The camp readied for whatever ritual Nephthys intended, the group retreated to the tent’s shelter and the qulliq’s relative warmth.
“Is our task done if Nephthys can give Sedna hands?” Marceau asked Poseidon.
“I’m not sure. If healing her helps heal the spirit of this place and its people, we will accomplish much. I don’t know how to bring the sea and land together again, though, and we’re no closer to knowing how to repair the Yrtym.”
“I’m selfish,” said Pim. “I’m more concerned with my own place and people than those far away. I can’t help them. It’s only here I possess any power.”
“That’s not selfishness, but wisdom,” said Vasilisa. “It’s all any of us can do.”

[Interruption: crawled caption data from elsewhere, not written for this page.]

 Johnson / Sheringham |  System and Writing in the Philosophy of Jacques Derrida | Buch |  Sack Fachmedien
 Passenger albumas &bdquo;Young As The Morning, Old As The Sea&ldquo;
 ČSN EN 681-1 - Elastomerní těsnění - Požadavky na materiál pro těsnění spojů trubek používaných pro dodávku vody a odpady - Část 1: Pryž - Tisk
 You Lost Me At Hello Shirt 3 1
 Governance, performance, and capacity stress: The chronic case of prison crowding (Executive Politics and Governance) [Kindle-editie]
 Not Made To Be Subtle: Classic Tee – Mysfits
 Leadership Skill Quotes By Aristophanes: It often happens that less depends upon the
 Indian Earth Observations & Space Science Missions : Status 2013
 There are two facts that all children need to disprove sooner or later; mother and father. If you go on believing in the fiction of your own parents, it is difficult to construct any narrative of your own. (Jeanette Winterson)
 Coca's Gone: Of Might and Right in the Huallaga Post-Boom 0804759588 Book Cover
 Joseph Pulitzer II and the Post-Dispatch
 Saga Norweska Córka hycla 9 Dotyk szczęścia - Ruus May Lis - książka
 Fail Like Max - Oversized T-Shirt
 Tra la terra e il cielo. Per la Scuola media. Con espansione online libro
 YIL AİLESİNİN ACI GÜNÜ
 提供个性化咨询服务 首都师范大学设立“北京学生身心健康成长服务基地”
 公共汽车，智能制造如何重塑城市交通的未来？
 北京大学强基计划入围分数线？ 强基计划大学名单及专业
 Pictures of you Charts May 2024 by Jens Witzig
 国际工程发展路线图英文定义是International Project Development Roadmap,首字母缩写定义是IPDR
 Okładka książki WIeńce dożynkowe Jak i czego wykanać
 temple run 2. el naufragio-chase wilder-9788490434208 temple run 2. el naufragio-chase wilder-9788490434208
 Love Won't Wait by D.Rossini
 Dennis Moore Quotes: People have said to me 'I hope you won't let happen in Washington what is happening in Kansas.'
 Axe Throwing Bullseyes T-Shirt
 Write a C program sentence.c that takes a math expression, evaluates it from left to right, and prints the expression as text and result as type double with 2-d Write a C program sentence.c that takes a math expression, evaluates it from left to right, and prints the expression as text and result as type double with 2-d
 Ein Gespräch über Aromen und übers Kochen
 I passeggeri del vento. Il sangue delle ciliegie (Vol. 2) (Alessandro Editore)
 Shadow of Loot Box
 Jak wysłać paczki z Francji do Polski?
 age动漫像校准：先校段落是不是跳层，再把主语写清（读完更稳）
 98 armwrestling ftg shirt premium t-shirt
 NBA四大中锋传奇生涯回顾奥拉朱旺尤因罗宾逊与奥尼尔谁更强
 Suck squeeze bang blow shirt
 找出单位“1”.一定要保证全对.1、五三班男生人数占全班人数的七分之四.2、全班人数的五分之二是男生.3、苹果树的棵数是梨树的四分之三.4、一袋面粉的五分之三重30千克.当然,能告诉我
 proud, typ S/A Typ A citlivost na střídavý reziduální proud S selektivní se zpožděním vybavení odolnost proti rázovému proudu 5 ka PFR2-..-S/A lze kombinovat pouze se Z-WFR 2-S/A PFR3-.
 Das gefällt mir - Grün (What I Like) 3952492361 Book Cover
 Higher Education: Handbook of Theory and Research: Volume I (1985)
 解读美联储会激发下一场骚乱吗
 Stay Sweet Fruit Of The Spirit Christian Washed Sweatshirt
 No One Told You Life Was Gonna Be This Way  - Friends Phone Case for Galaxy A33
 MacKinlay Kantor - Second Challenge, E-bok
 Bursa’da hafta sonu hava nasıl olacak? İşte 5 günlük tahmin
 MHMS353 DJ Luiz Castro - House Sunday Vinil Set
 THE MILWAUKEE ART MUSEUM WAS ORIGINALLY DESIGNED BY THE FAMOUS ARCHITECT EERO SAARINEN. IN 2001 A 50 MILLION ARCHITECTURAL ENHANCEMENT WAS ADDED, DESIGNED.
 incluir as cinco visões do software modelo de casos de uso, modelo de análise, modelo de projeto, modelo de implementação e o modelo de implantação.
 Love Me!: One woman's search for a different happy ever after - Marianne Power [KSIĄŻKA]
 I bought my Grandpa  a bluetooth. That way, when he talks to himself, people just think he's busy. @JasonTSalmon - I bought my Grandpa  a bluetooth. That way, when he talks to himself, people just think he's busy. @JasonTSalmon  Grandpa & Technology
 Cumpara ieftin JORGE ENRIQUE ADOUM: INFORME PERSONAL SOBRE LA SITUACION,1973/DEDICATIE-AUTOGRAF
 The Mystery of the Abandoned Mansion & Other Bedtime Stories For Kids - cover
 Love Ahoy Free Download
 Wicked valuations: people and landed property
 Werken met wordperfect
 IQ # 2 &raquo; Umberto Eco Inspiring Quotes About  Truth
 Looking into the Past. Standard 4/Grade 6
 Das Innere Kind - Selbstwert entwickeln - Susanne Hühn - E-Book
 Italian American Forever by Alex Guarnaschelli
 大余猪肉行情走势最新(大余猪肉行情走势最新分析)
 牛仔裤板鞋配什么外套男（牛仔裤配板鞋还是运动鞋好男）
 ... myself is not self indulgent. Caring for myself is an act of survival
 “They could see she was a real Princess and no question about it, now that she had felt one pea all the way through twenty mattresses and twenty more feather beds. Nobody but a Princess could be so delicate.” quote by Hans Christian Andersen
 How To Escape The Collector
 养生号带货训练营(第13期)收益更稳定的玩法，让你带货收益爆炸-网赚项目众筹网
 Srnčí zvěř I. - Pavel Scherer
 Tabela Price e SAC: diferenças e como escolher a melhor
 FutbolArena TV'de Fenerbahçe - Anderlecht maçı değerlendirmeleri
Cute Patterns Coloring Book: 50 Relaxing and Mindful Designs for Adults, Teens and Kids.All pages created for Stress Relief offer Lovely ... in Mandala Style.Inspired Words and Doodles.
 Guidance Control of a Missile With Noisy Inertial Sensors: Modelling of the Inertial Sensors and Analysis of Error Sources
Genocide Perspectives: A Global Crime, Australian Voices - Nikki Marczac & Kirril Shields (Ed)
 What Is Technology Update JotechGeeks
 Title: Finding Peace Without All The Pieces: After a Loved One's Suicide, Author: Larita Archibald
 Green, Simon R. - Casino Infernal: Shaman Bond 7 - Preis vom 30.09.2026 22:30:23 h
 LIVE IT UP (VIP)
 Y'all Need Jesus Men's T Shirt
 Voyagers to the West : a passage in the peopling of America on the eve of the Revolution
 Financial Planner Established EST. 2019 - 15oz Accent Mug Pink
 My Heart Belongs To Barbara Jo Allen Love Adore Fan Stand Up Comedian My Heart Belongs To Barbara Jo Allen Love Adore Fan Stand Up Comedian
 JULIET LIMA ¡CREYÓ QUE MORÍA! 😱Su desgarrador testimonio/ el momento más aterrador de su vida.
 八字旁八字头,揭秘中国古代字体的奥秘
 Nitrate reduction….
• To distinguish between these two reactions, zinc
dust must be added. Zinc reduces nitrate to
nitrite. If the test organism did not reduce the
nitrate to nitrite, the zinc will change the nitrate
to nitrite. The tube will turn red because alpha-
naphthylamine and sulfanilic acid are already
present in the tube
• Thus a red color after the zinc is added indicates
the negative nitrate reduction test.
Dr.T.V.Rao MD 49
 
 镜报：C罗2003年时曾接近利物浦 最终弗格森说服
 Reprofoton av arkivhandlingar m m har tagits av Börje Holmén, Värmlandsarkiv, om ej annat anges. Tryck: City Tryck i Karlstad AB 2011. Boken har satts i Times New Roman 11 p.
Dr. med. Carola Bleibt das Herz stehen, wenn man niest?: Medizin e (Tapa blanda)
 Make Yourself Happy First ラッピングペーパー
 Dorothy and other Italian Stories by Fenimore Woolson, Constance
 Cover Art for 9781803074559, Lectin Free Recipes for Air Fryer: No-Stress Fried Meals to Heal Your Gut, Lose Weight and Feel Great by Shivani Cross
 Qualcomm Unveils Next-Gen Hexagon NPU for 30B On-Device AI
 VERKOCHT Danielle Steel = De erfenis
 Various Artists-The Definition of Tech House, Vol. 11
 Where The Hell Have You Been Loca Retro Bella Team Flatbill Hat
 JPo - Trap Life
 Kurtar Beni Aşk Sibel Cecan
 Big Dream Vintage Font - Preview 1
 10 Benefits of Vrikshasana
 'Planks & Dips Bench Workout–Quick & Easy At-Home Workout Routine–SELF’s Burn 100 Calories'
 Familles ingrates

“Will it be enough, though, if a few people here and there repair and build connection and understanding?” asked Clarissa. “Won’t it take everyone everywhere for the Yrtym to recover?”
Nobody knew.
“Surely not,” said Morfran at length. “After all, there are always those who act against others. Maybe there’s a tipping point, and for some reason now there’s more damage than usual to the fabric of connection. Maybe we don’t need everyone to regain the balance, just enough people.”
“All we can do is the best we can do,” said Marceau. “Sometimes it’s enough, and sometimes it’s not. I’m certain we can do more together, though.”
“We’ve helped Sedna,” Morfran said to Pim. “What do your people need to repair their relationship with her? How can we help them honor and respect her, instead of acknowledging her only in time of need?”
“I wish they could be part of Nephthys’s ritual,” said Pim. “If they could see the whole pattern of land and sea and its animals without fear and understand their place within it, they might heal.”
“Would they come out here with you?”
“No. I am suspect because I’m different. They don’t trust me. They would follow the shaman, though.”
“They need a new story,” said Clarissa. “We need to give them a new story.”
“But how?” asked Pim.
They looked at one another glumly.
Outside, they heard Sedna and Nephthys returning, still talking, above the whining wind.
Pim had built the qulliq shield with blocks of snow and ice stacked man high, providing good shelter from the wind. After they ate, he lifted the soapstone qulliq and carried it out of the tent, setting it on a flat stone inside the windbreak. Pim picked up his drum, a large, flat skin circle fastened to a round frame of precious willow wood. Vasilisa added tufts of arctic cotton and chopped blubber to the lamp so it burned hot and high. Nephthys sat in the circle’s center beside the qulliq and spread out the bones in its flickering light.
Morfran did not know what to expect. He’d heard stories about Nephthys reanimating bones with chant, dance and song, but he couldn’t imagine how she would create hands and reattach them to Sedna’s stumps.